We’ve all heard stories about possible interference in American elections by foreign states such as Russia, China, Iran and others. It’s become a topic of international dimensions and worldwide concern.

United States government investigative agencies have already discovered some of interference tactics. While our nation’s experts are working hard to make sure there is no cyber intrusion to alter actual election results, it is much more difficult to control or prevent masked influence through social media, secretly funded advertising, manufactured rumors and overtly or subtly indicated preferences. These are just a few examples.

There is an antidote for such interference. It is an antidote with three ingredients.

The first ingredient is to study the issues. It is the responsibility of every voter, who exercises the sacred right of casting a ballot, to learn as much as possible about the candidates and the ballot measures. In national, statewide and local elections, candidates produce campaign information. Local organizations such as the Utah Debate Commission, Weber State University’s Olene S. Walker Institute of Politics & Public Service, The League of Women Voters and the political parties sponsor informational forums. The press and media create news stories with informational content. In Utah, ballot issues are explained through state produced print media and online sites, containing arguments for and against each measure.

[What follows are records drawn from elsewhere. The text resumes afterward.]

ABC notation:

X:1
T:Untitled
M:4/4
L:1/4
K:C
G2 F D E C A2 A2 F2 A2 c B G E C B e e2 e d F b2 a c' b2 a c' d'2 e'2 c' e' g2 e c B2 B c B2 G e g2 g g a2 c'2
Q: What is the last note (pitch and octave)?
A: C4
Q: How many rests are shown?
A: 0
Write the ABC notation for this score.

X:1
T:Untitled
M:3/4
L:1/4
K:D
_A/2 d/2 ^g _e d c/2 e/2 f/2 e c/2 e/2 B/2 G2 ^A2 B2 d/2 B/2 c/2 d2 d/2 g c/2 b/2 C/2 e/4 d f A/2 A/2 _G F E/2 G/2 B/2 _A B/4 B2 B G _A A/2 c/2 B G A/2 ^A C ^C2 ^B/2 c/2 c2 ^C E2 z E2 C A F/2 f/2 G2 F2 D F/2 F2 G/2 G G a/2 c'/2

The information is easily available.

The second antidote to outside interference is simply to vote. The population’s percent of registered voters and the percent of registered voters who cast ballots is shamefully low. We must do better.

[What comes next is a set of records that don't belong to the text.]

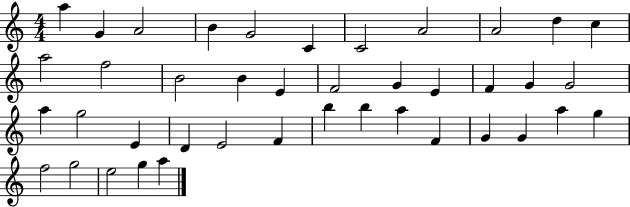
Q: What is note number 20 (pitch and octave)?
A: F4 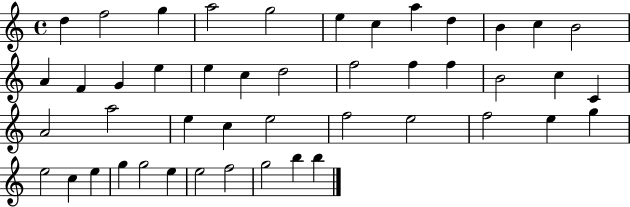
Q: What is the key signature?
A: C major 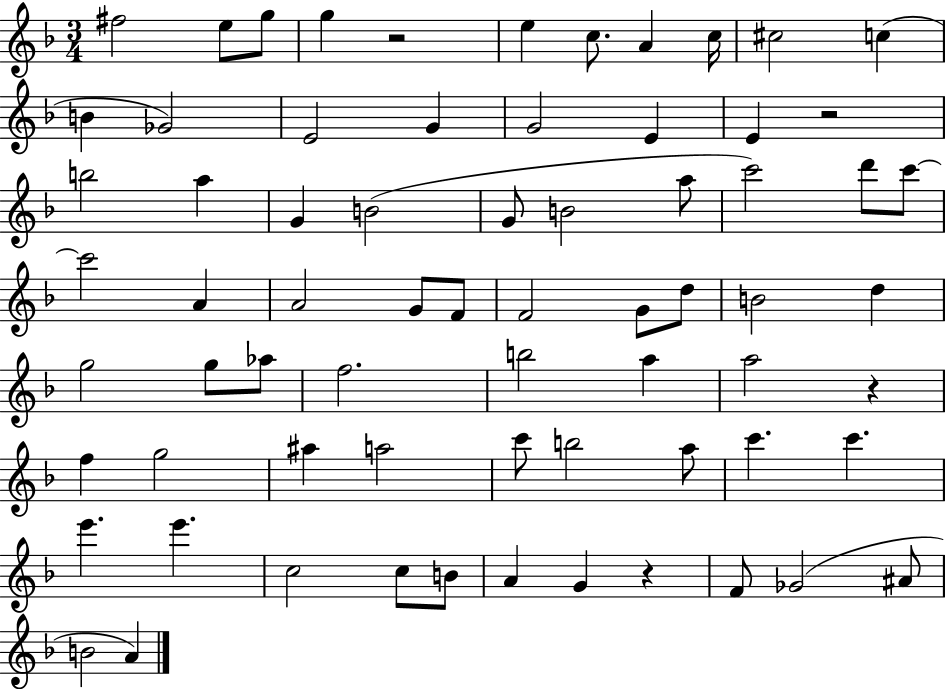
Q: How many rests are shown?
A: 4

The third antidotal ingredient is to access and review a variety of news and information sources. It is human nature to want to associate with personalities and groups of like mind. But when it comes to ingesting information, in order to develop and keep an open mind — indeed a broad mind and a well-informed mind — it is imperative to listen to “the other side.”

“Most people do not listen with the intent to understand; they listen with the intent to reply,” noted Dr. Stephen R. Covey.

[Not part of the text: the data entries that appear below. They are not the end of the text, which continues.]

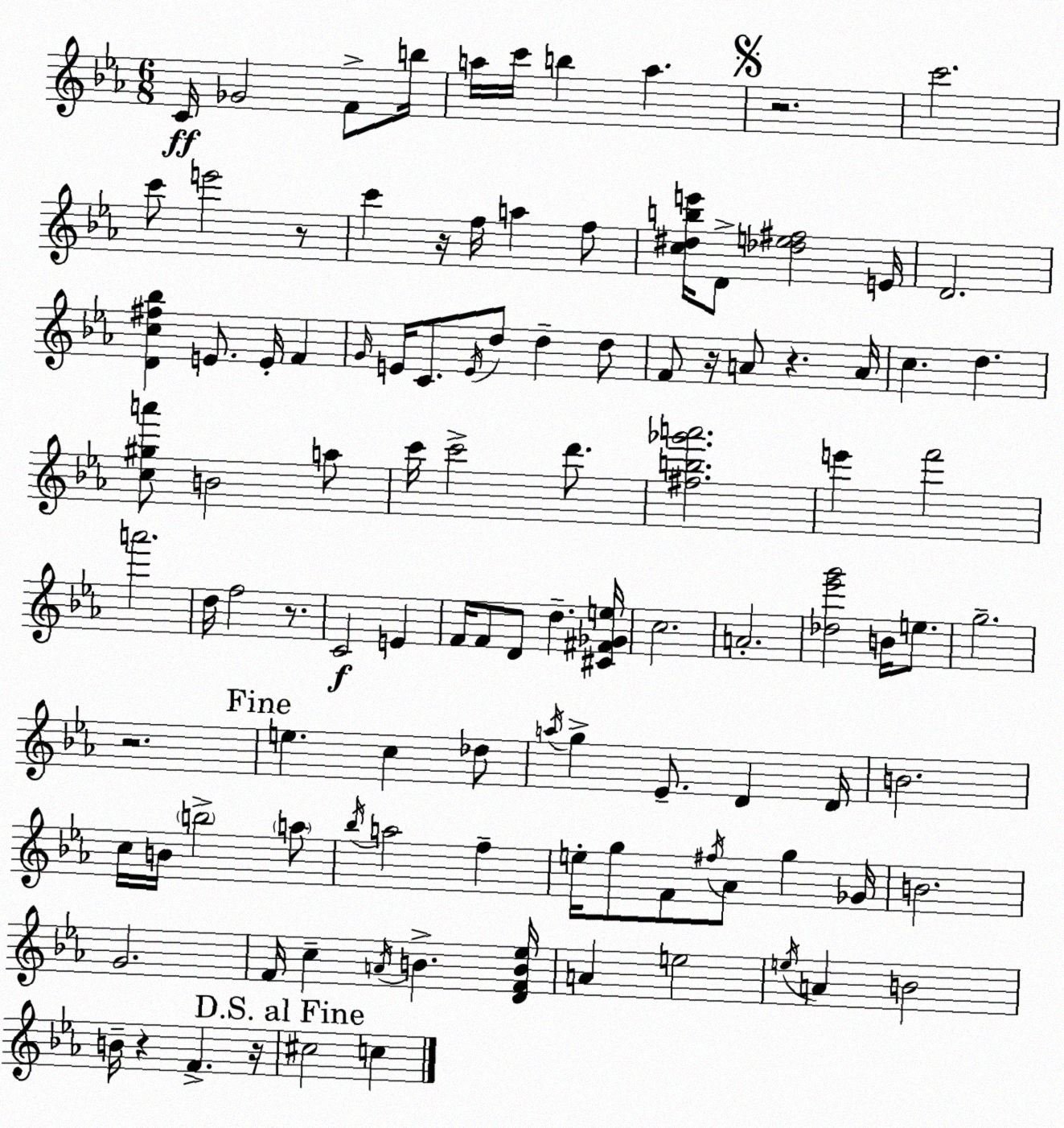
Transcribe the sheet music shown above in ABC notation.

X:1
T:Untitled
M:6/8
L:1/4
K:Eb
C/4 _G2 F/2 b/4 a/4 c'/4 b a z2 c'2 c'/2 e'2 z/2 c' z/4 f/4 a f/2 [c^dbe']/4 D/2 [_de^f]2 E/4 D2 [Dc^f_b] E/2 E/4 F G/4 E/4 C/2 E/4 d/2 d d/2 F/2 z/4 A/2 z A/4 c d [c^ga']/2 B2 a/2 c'/4 c'2 d'/2 [^fb_g'a']2 e' f'2 a'2 d/4 f2 z/2 C2 E F/4 F/2 D/2 d [^C^F_Ge]/4 c2 A2 [_d_e'g']2 B/4 e/2 g2 z2 e c _d/2 a/4 g _E/2 D D/4 B2 c/4 B/4 b2 a/2 _b/4 a2 f e/4 g/2 F/2 ^f/4 _A/2 g _G/4 B2 G2 F/4 c A/4 B [DFB_e]/4 A e2 e/4 A B2 B/4 z F z/4 ^c2 c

Centuries ago, St. Francis of Assisi offered this ever-timely prayer of admonition: “O Divine Master, grant that I may not seek so much to be understood as to understand.”

In keeping with the spirit of understanding, the seven paragraphs below provide a brief description of the issues on this year’s Nov. 6 ballot.

Utah Constitutional Amendment A would make more flexible the property tax exemption already afforded military personnel serving under order of active duty.

Utah Constitutional Amendment B would exempt from property taxes any real property leased from a private owner by the State of Utah or a local government.

Utah Constitutional Amendment C would allow the president of the senate and the speaker of the house, with a two-thirds majority approval of legislators, to call a special legislative session. Currently only the governor may do so.

Utah Nonbinding Opinion Question 1 asks voters if they support increasing the gasoline tax by 10 cents per gallon to fund critical needs in education and important transportation needs such as maintaining local roads and bridges.

Utah Proposition 2 would legalize medical marijuana for individuals with qualifying conditions. However, a recent compromise between supporters of this measure and the legislative leaders of Utah means that a “cleaner” bill will be addressed in a special legislative session following the election.

Utah Proposition 3 would expand Medicaid — a medical insurance program that helps low-income people and those with disabilities — to assist many more-needy individuals. The state’s portion would increase the sales tax from 4.70 to 4.85 percent.

Utah Proposition 4 would create an independent redistricting commission to draft new maps for congressional and state legislative districts.

The Walker Institute will host an informational public meeting on the above issues at 7 p.m. Thursday, Oct. 18, at Weber State’s Hurst Center Dumke Legacy Hall, 1265 Village Drive, Ogden.

We all must remember that studying issues, voting and gleaning information from a variety of sources serves not only as an antidote to foreign interference, but also to strengthen our community and country through alert citizen participation.

Robert A. Hunter is director of the Olene S. Walker Institute of Politics and Public Service at Weber State University. Ezekiel Lee, Walker intern, contributed to this column.